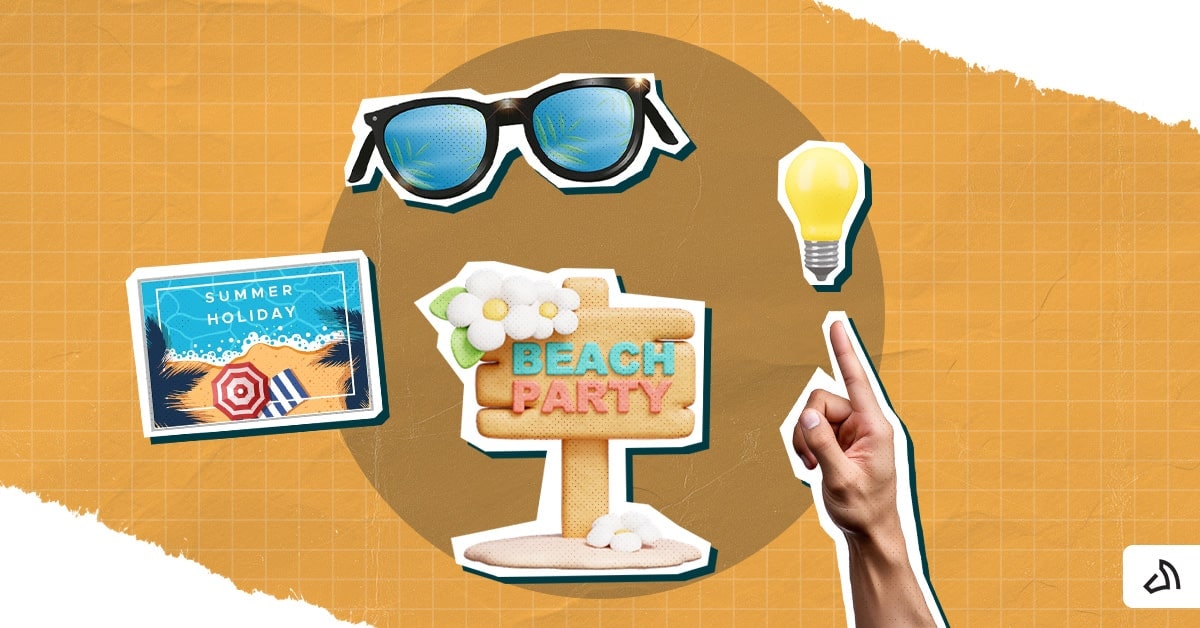 A beach party signage, with a sumer holiday, sunglasses, a pointing hand, and light bulb icons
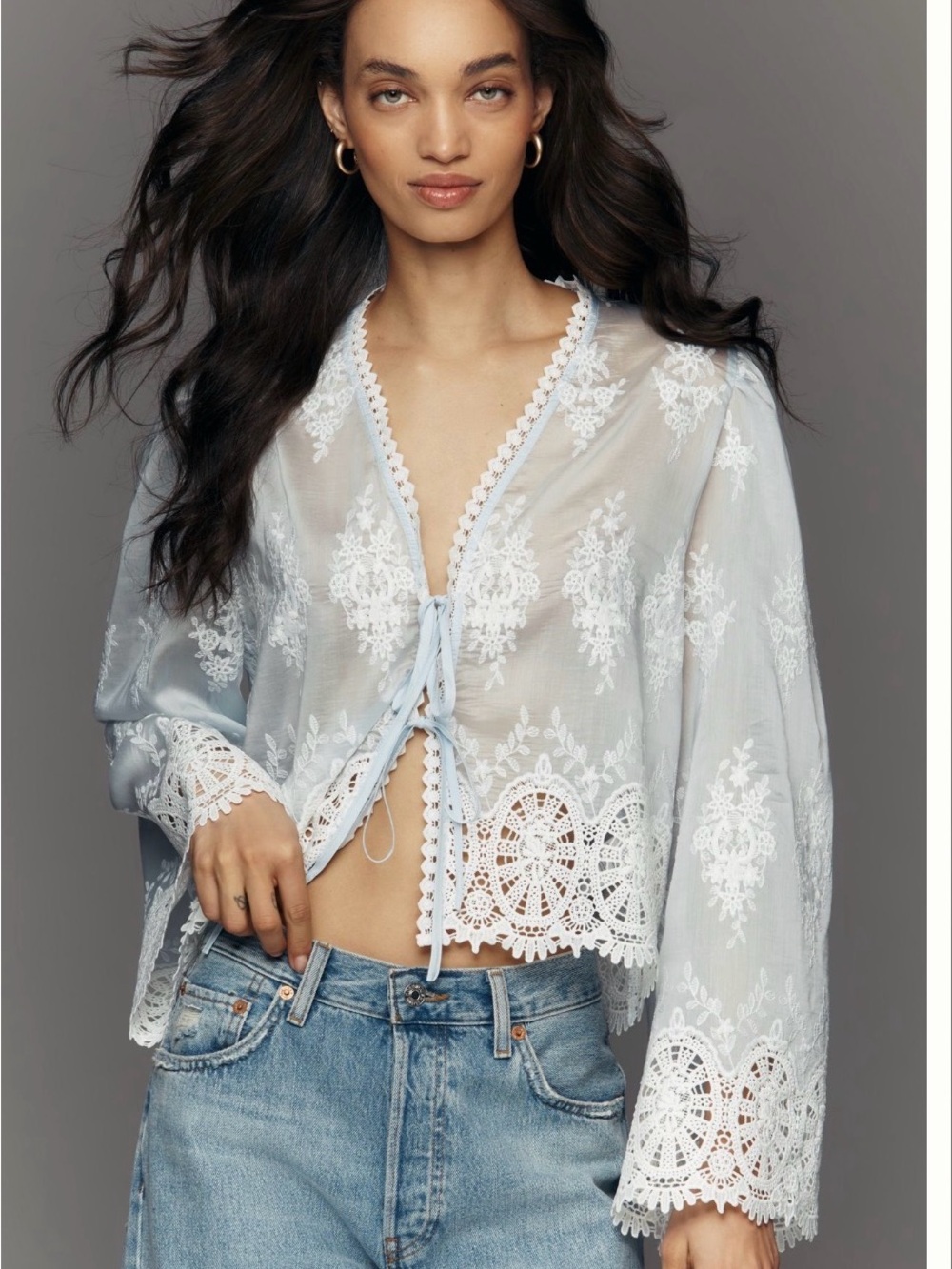 NWOT Anthropologie Pale Blue Sheer Embroidered Tie-Front Blouse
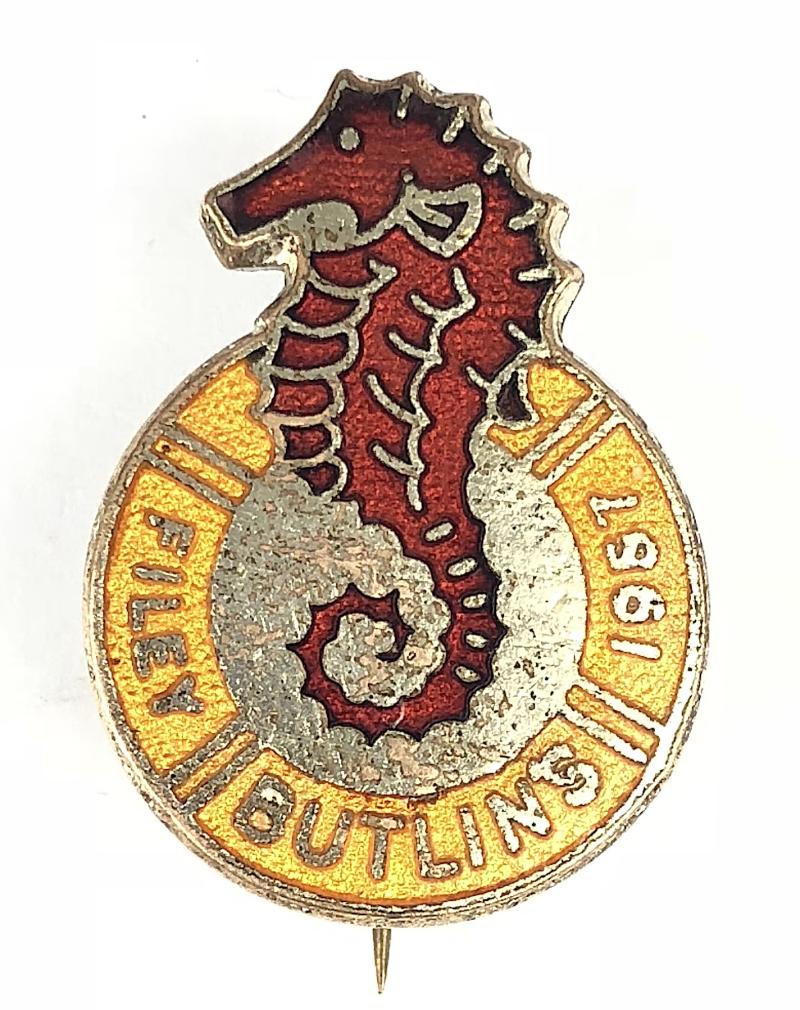 Butlins 1957 Filey holiday camp seahorse badge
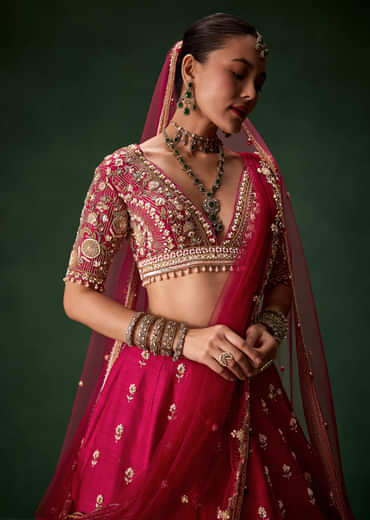 Pink Bridal Silk Lehenga Set with  Two Dupattas
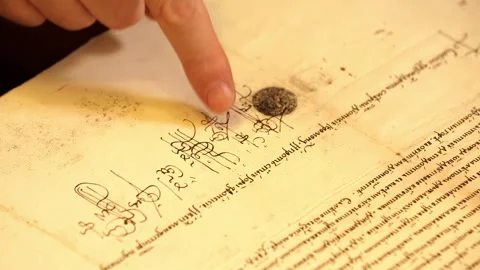 Close-up of ancient religious texts written in ancient Russian. Stock Footage 252750441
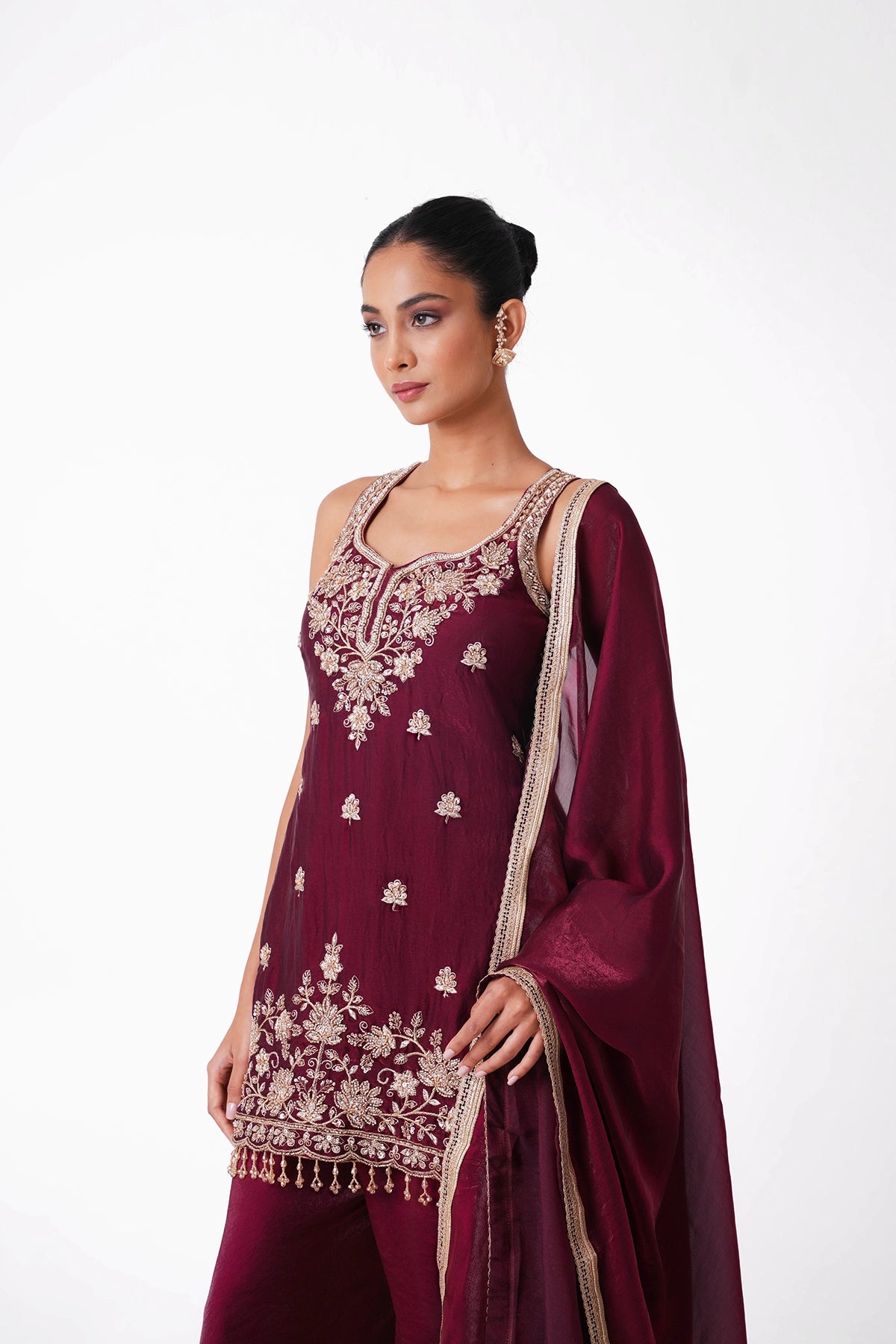 Dark Wine Suit Set In Tissue Fabric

☆ ☆ ☆

• _Work to complete_:
Write the lines from the one with "Close-up of ancient" through the last line of the entries out again exactly, both ends included, and skip the pictures.

• _Result for this exercise_:
 Close-up of ancient religious texts written in ancient Russian. Stock Footage 252750441
 Dark Wine Suit Set In Tissue Fabric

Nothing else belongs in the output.